I'm not sure I understand the problem. All we need is exp2 and cos. Both of these seems to behave just fine on both x86 and x64 as far as I can tell (they simply seem to import the libm-functions, and call them normally). What happens for other math functions and for other platforms here is quite irrelevant, no?
Define "behave just fine"? The libm versions are both IFUNCs, and the __builtin_
variants get turned into the libm calls:
test.c
:
#include <stdio.h>
int main(int argc, char* argv[]) {
printf("cos(%d) = %f\n", argc, __builtin_cos/*or exp2*//*with or without f*/(argc));
return 0;
}
$ gcc -Os -o test test.c && ./test a b c d e f
/usr/bin/ld: /tmp/ccMb5edj.o: in function `main':
test.c:(.text.startup+0x8): undefined reference to `exp2'
$ gcc -Os -o test test.c && ./test a b c d e f
/usr/bin/ld: /tmp/ccZuKK2S.o: in function `main':
test.c:(.text.startup+0x8): undefined reference to `cos'
$ # same for exp2f/cosf
$ readelf -Wa /usr/lib/libm.so.6 | grep exp2
135: 0000000000050020 46 IFUNC WEAK DEFAULT 16 exp2f32@@GLIBC_2.27
437: 000000000006eb50 197 FUNC WEAK DEFAULT 16 exp2f128@@GLIBC_2.26
889: 0000000000042930 562 FUNC GLOBAL DEFAULT 16 exp2@@GLIBC_2.29
1081: 0000000000050020 46 IFUNC GLOBAL DEFAULT 16 exp2f@@GLIBC_2.27
1090: 0000000000010450 145 FUNC WEAK DEFAULT 16 exp2l@@GLIBC_2.2.5
[plus some noise cut out]
$ readelf -Wa /usr/lib/libm.so.6 | grep cos
70: 0000000000047cb0 46 IFUNC WEAK DEFAULT 16 cosf32@@GLIBC_2.27
167: 0000000000034c90 77 IFUNC WEAK DEFAULT 16 cosf64@@GLIBC_2.27
594: 0000000000034c90 77 IFUNC WEAK DEFAULT 16 cos@@GLIBC_2.2.5
872: 0000000000047cb0 46 IFUNC WEAK DEFAULT 16 cosf@@GLIBC_2.2.5
876: 000000000001ab70 348 FUNC WEAK DEFAULT 16 cosl@@GLIBC_2.2.5
[plus a lot of noise cut out (cosh, acos, etc)]
I suppose exp2
and cosl
are usable on the version I have installed (2.31 from Arch), but exp2f
(and cosf
) seem to be more annoying.
Define "behave just fine"?
Results in plain function calls to "normal" imported functions. Yes, they are IFUNCs, but I don't see any resolve logic injected into our binary for that. Maybe I'm missing something here?

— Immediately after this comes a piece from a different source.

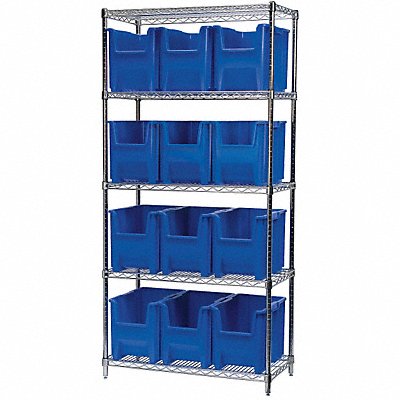 AKRO-MILS AWS183613014B G3472 Bin Shelving 18inx74inx36in Blue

I guess with this stuff we can avoid having libm in the import-table altogether, which might be a win in some cases. I'm still not convinced it ends up as a net win in a real-world 64k intro, though; those will probably benefit from an import of libm as they are more likely to actually do some more CPU work. But I guess that depends on the intro.

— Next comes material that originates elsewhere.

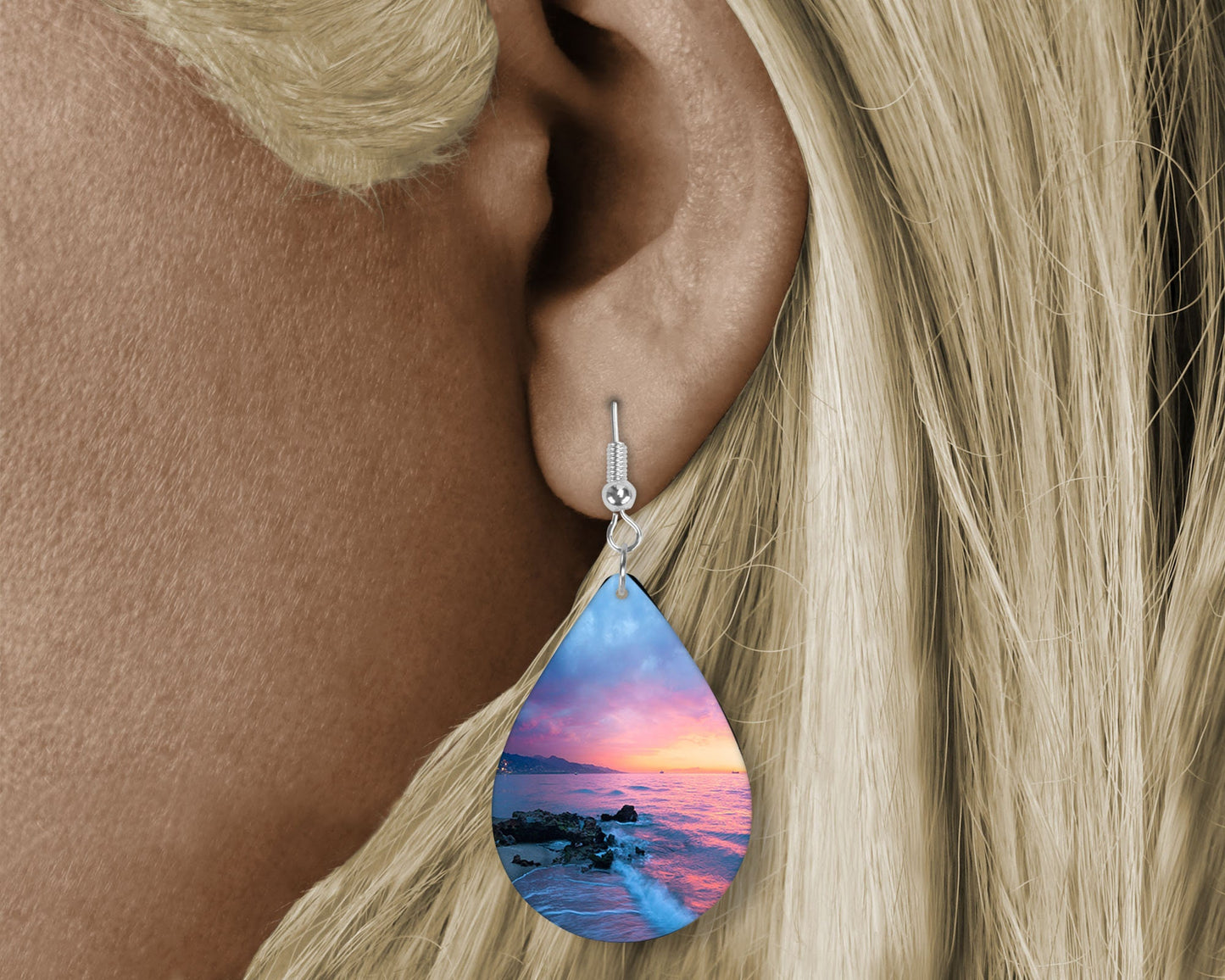 Set of Beach Sunset Tear Drop Dangle Printed Earrings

In normal, non-minified binaries, you indeed don't have to include any extra resolving logic, as ld.so does that for you. However, executable packers for Linux such as smol and dnload both have to deal with IFUNCs, and that code does end up in your final executable, because they circumvent a number of ld.so things in order to avoid having to include a symbol table and symbol names (they're hash-based) in the first place.
OK, that makes a bit of sense. But, it kinda seems like a slippery slope, really. Because this can be the case for pretty much any CRT function you're using, so you might have to replace a lot of functions in the end. It seems like it's better to fix this in the packers to me...
Also, just want to make it clear; I'm not trying to throw doubt at this solution, just having a discussion here. It's probably not a bad idea for WaveSabre to not depend on libm.so at all, which I believe this MR solves.
That's true, which is why smol has an option to enable/disable IFUNC support. If it can be left out, that's a few bytes gained.
And indeed, right now the only external symbols I can see that are being used (in Core) are memcpy
and memset
.
Just want to mention an alternative for cos: I did another attempt at dropping the fpuCos-helper in the past, which you can see here.
In the end it didn't work out, because the resulting code actually got slightly larger. Not sure if that's the case on other compilers, though.
This one should be usable as-is, but maybe the pow functions should be reworked a bit to work with LTO (cf. the cos impl.)
Also, do you want #37 to be included here?rebased on top of that one.